Very early Q presented Jesus as the Wisdom of God. See also the following references. Mark 6:2 “What is the wisdom given to him?” Luke 2:40. Jesus became “filled with wisdom.” Luke 2:52 “he increased in wisdom.” Luke 7:35. “Wisdom is justified by her children.” See Mt. 11:19. Luke 11:31 “to hear the wisdom of Solomon, and behold, something greater than Solomon is here.” See Mt 12:42. Luke 21:15 “I will give you a mouth and wisdom…” Paul refers to Christ in I Cor. 1:24 “as the power of God and as the wisdom of God. In Col.2:3 we read, “in Christ is hidden all the wisdom of God.” The Logos returns to history as Sophia.

Wisdom has wanted to “gather” Jerusalem.
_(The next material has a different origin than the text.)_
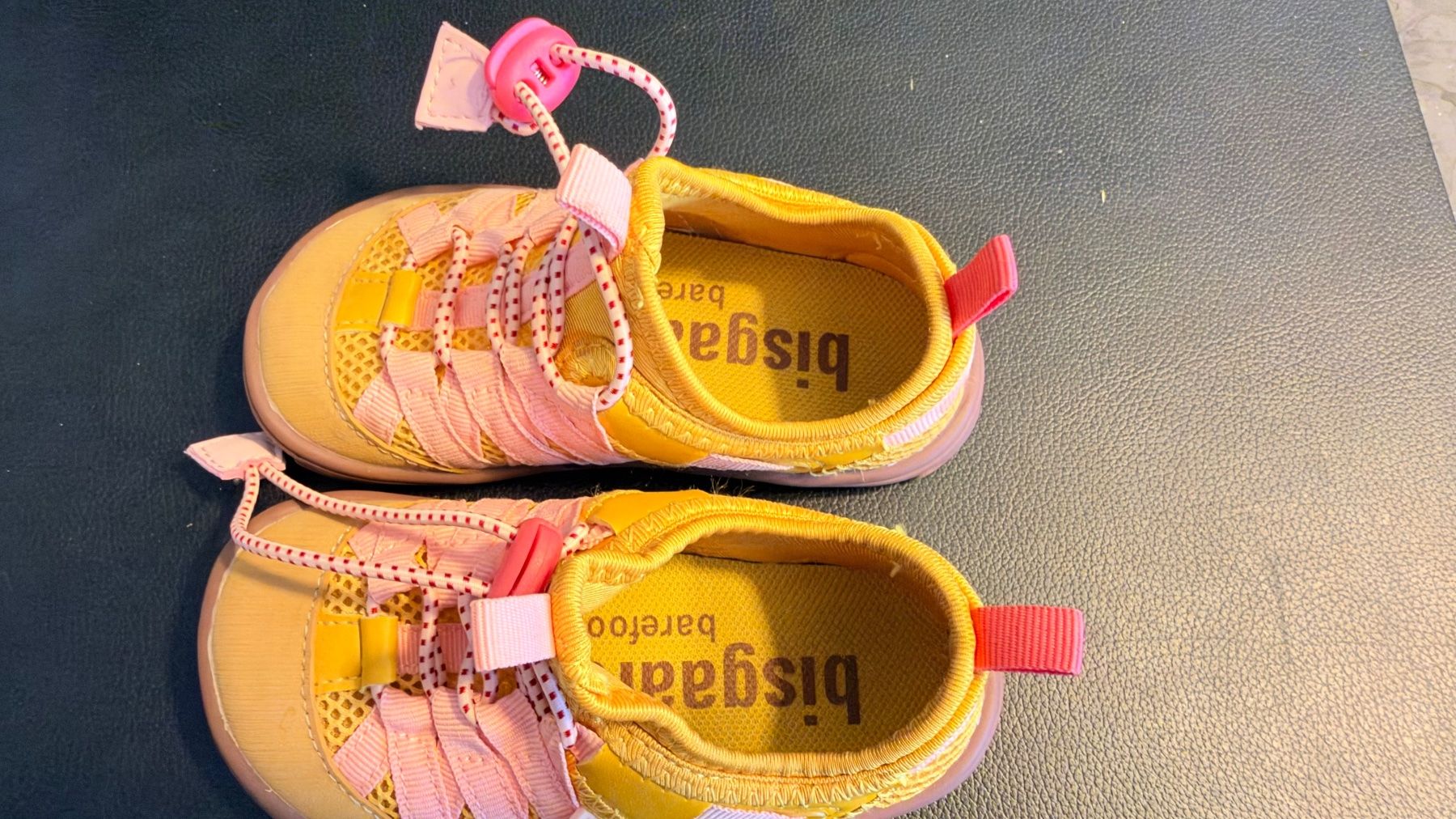 Bisgaard Scarpe da uomo: Bisgaard - Kid's Barefoot Ivy - Barfussschuhe – Usato da Zürich venduto da kofkathecat 5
See Mark 13:27; Mt. 24:31; Ps. 147:2; Isa. 56:8. It speaks to the eschatological gathering in of God’s people in the age to come. Divine Wisdom speaks of the exile and restoration. Proverbs 1:24-25 is clear on this. Wisdom, the Divine voice, laments that Jerusalem is in exile and refuses the mercy of God. The Lord will laugh at the calamity of Jerusalem, and will mock them. How often the Lord wished (was willing to) to gather his people! But they did not wish it (will it). As in the Temptation there is a conflict of wills. Jerusalem stands on its own will, rejecting the will of God. I believe this passage is about the Passion of Christ, the struggle of the divine will against the human will, the continuing battle between chaos and cosmos. The people refused to surrender their will to the will of the Divine. That is why the gathering was hindered. “Therefore your house is forsaken.” 13:35. But the Lord will “perform the mercy promised to our fathers, and to remember his holy covenant, the oath which he swore to our father Abraham, to grant us, that we, being delivered from the hand of our enemies, might serve him without fear, in holiness and righteousness before him all the days of our life.” Luke 1:72-75.

The in-gathering of the people, that is, the restoration of the people of God is expressed equally strong in the words synagogue and ekklesia. This idea needs to be pursued further, but this is not the place for such an examination. Synagogue and church are the gathering places of the holy people. In Luke 15, the three parables are all illustrations of the extent to which the Divine goes in search of its own, to bring them back into its own orbit. This teaching certainly seems to be a function of Sophia, as is the content of the Sermon on the Plain. 6:17-49.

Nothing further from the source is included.